++++ Supplied records ++++

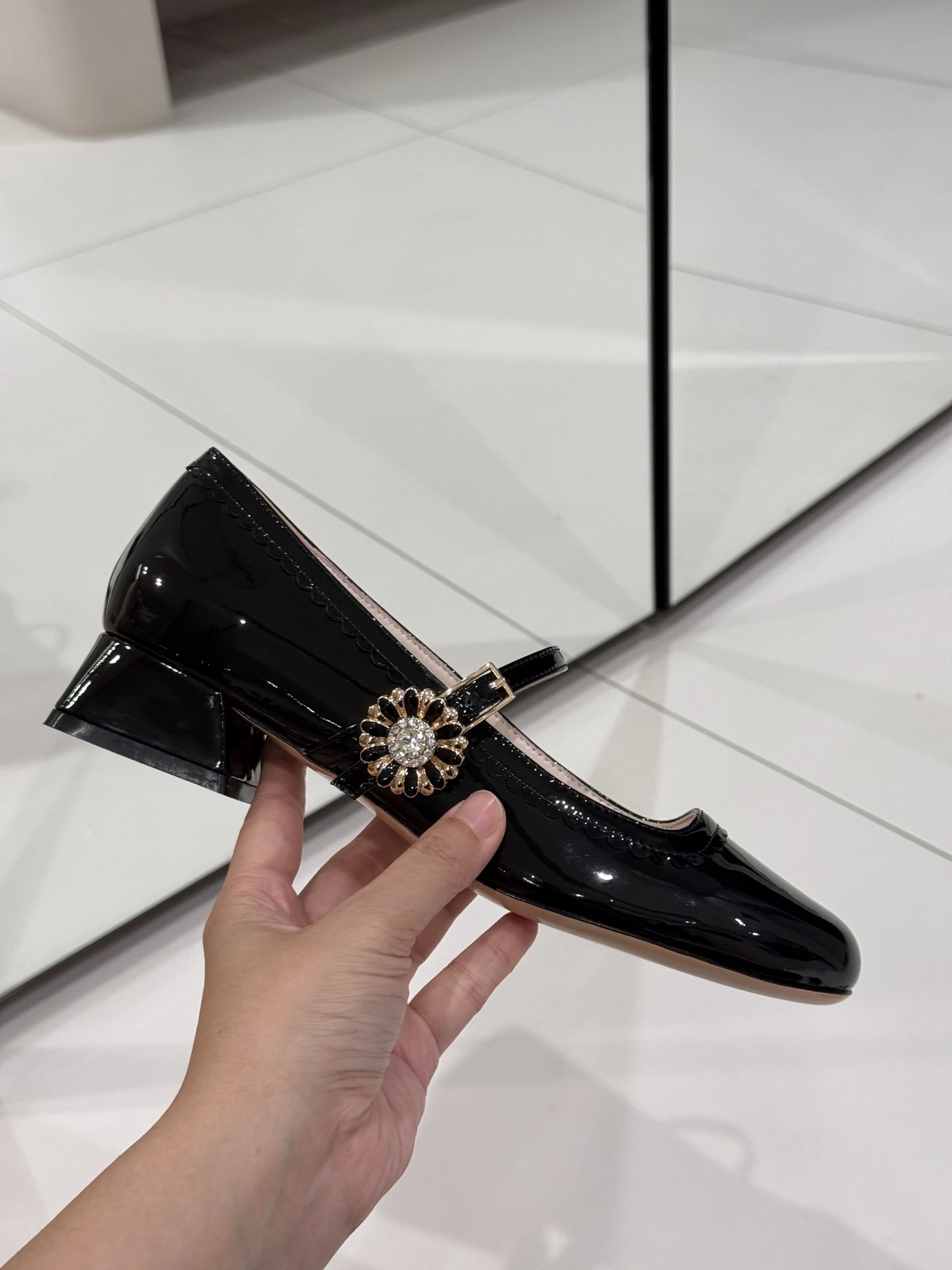 COCO- RO65R RVW54041600D1P cowhide item：E-X000J3817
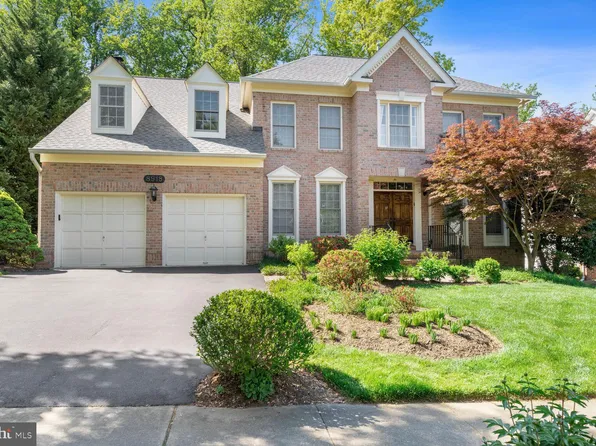 8918 Falls Farm Dr, Potomac, MD 20854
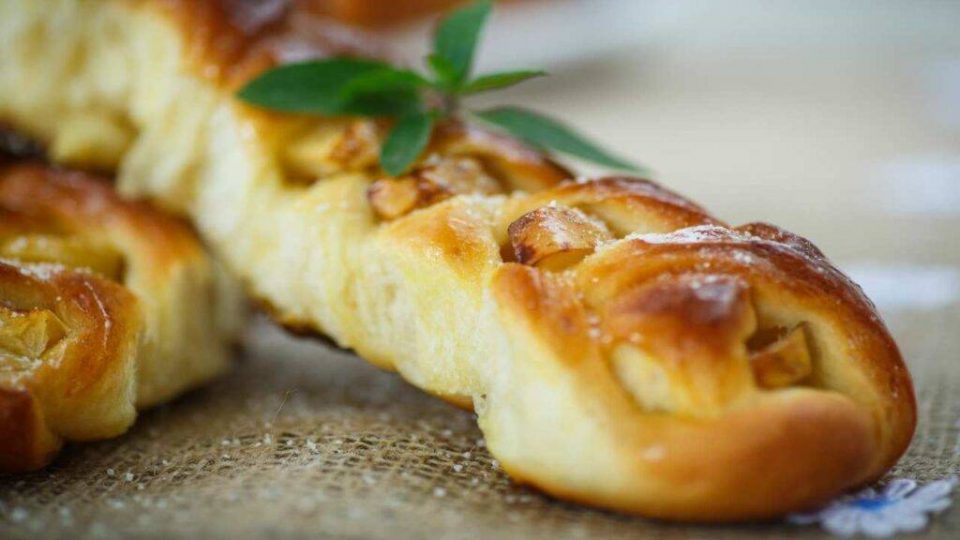 Treccia salata ripiena | deliziosa ricetta ideale per ogni occasione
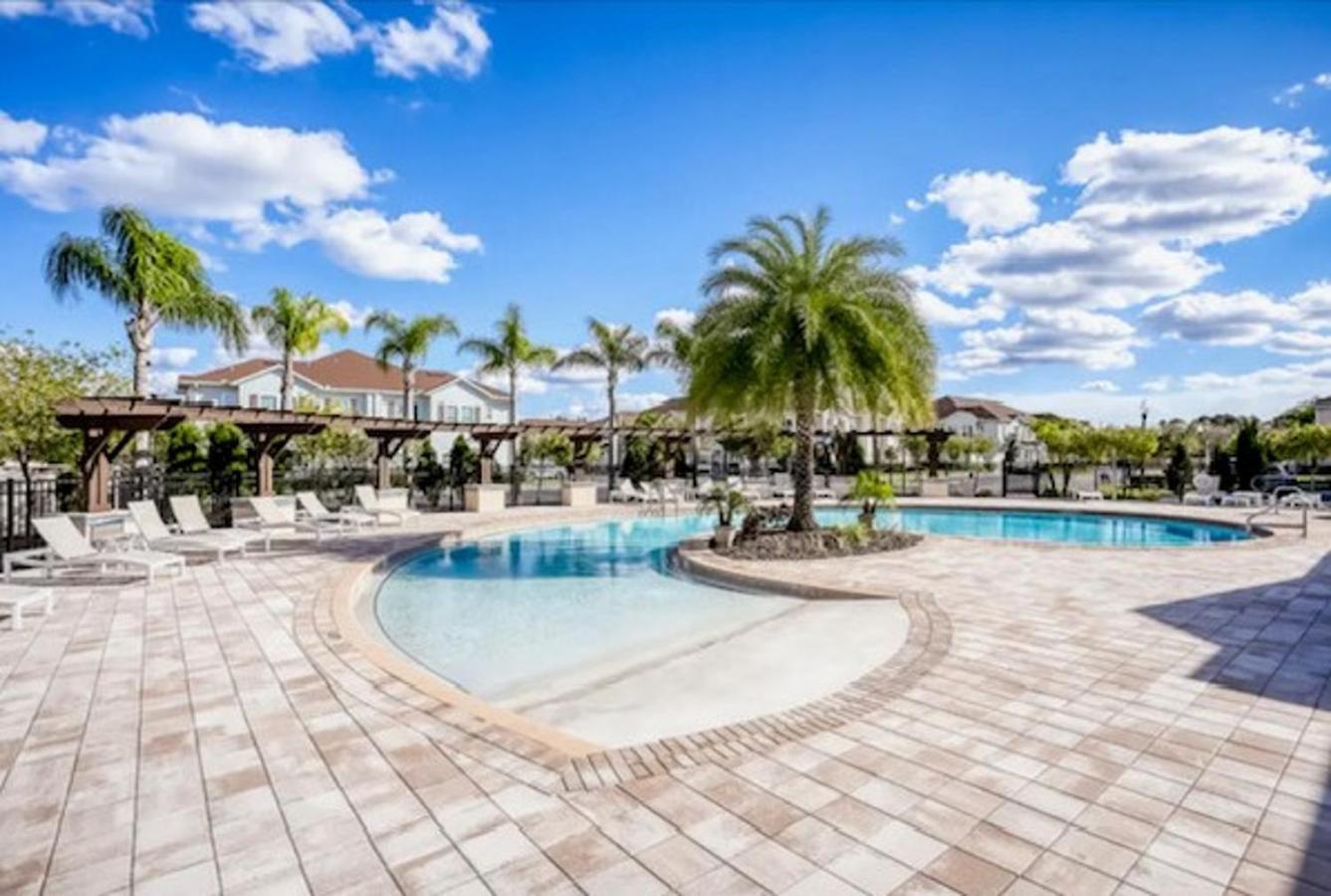 Beautiful & Cozy 4bd Home, Gated Community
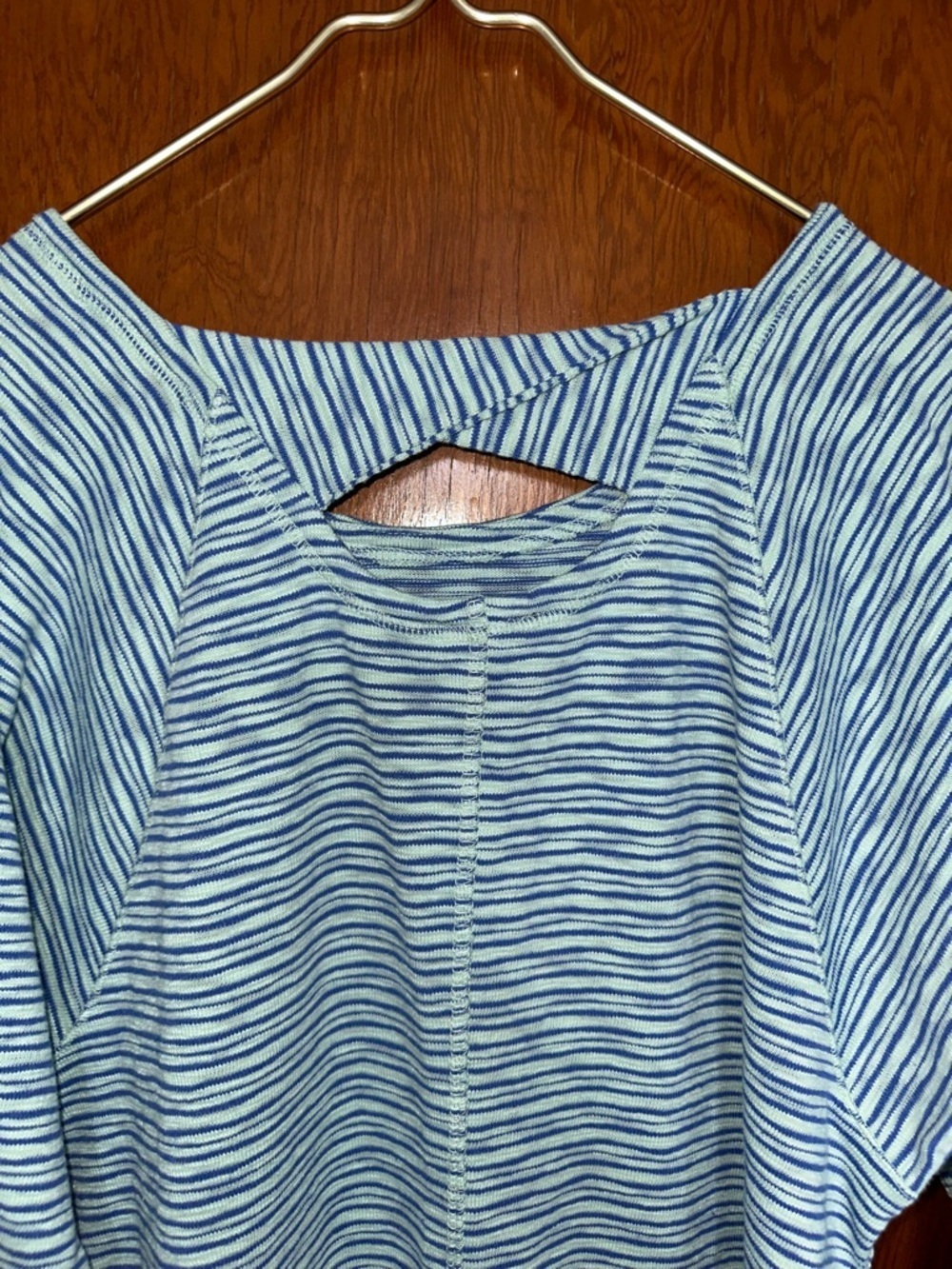T by TALBOTS Women’s LP Blue Striped Knit Pullover Stretch Vacation/Summer Dress - Picture 4 of 5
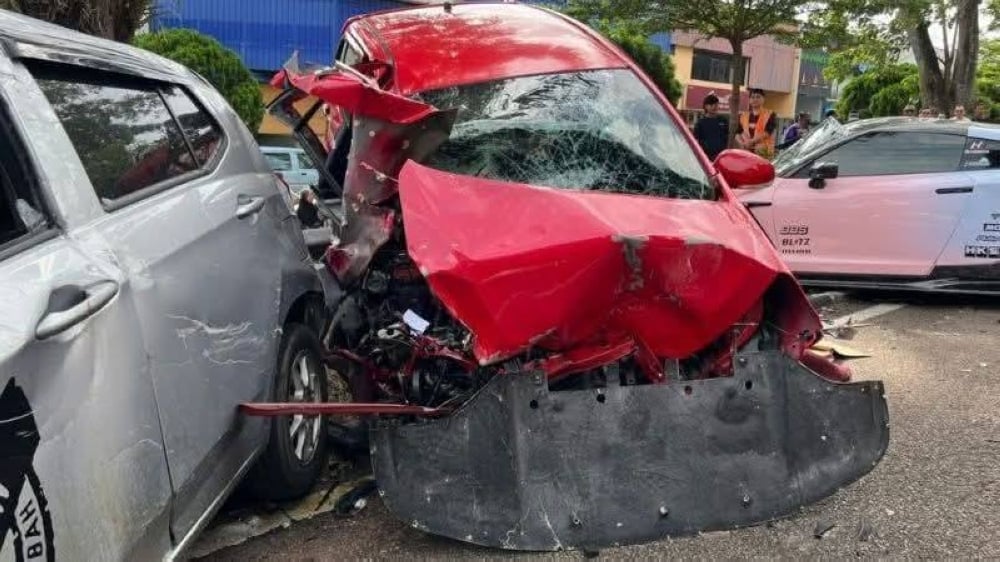 Nissan gt-r crashed johor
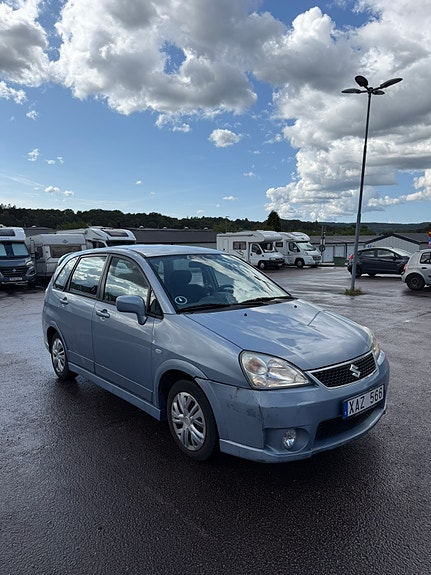 Suzuki Liana 6 of 11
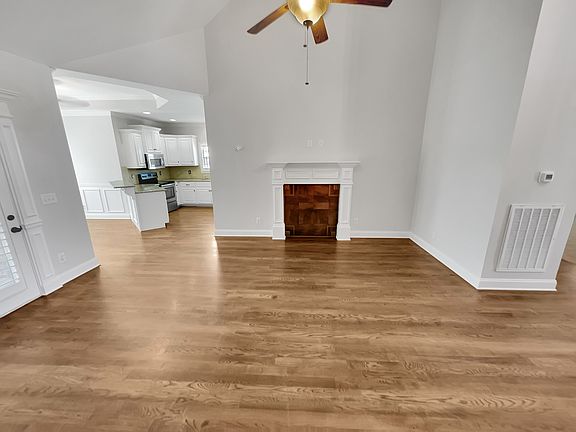 4th image of 3431 Shady Forest Dr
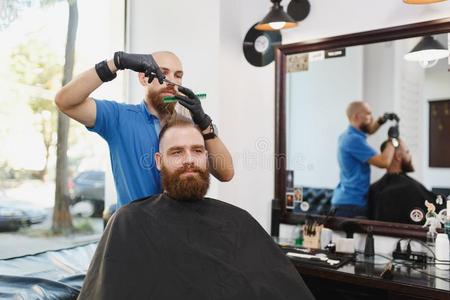 指已提到的人男人理发师服务指已提到的人顾客采用指已提到的人沙龙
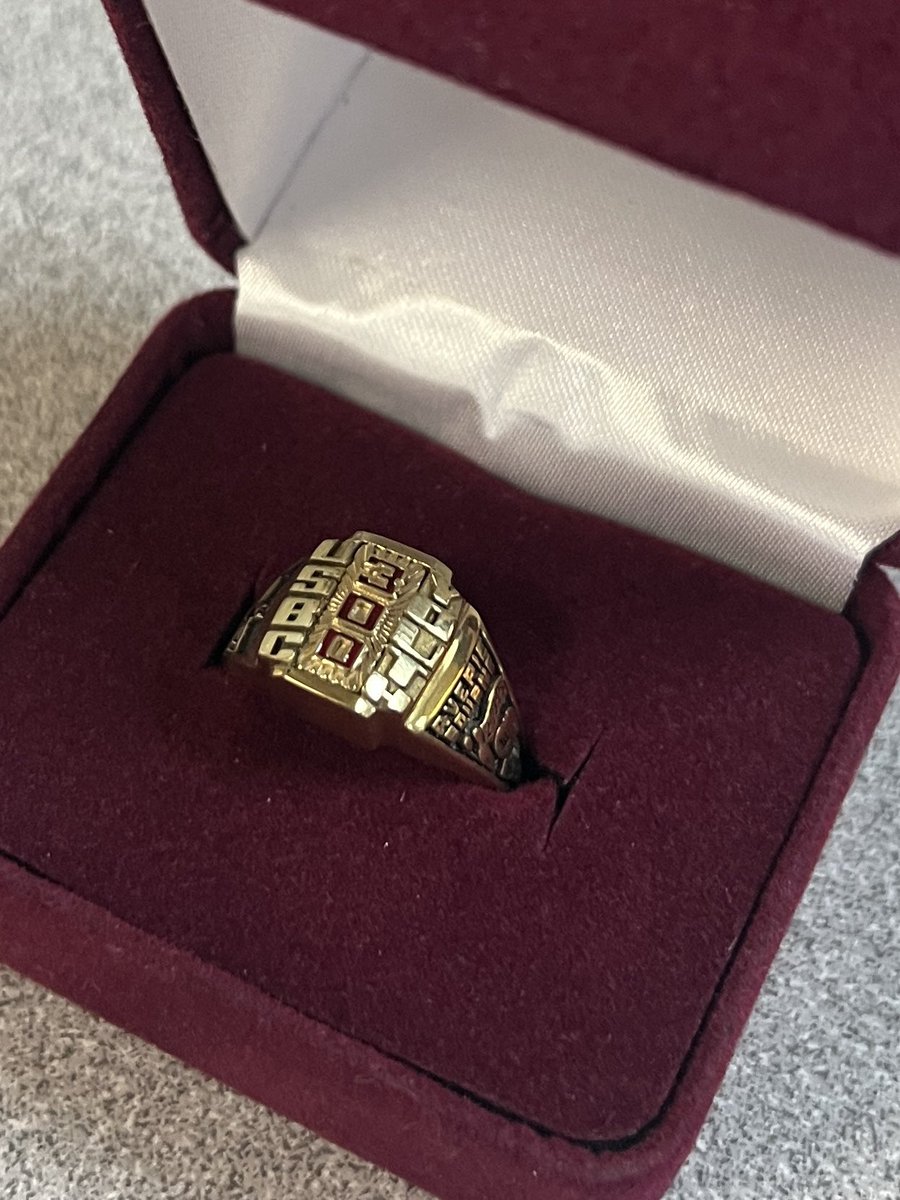 averiebourne300's tweet photo. Received my 300 ring tonight. So happy my papa was able to present it. #teambowlifi https://t.co/jv3Ea8JMx5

++++

** Work request **
The lines from the one containing "Nissan gt-r crashed johor" through the last line of the entries are to be copied exactly, both ends included, and the pictures are to be omitted.

** Answer section **
 Nissan gt-r crashed johor
 Suzuki Liana 6 of 11
 4th image of 3431 Shady Forest Dr
 指已提到的人男人理发师服务指已提到的人顾客采用指已提到的人沙龙
 averiebourne300's tweet photo. Received my 300 ring tonight. So happy my papa was able to present it. #teambowlifi https://t.co/jv3Ea8JMx5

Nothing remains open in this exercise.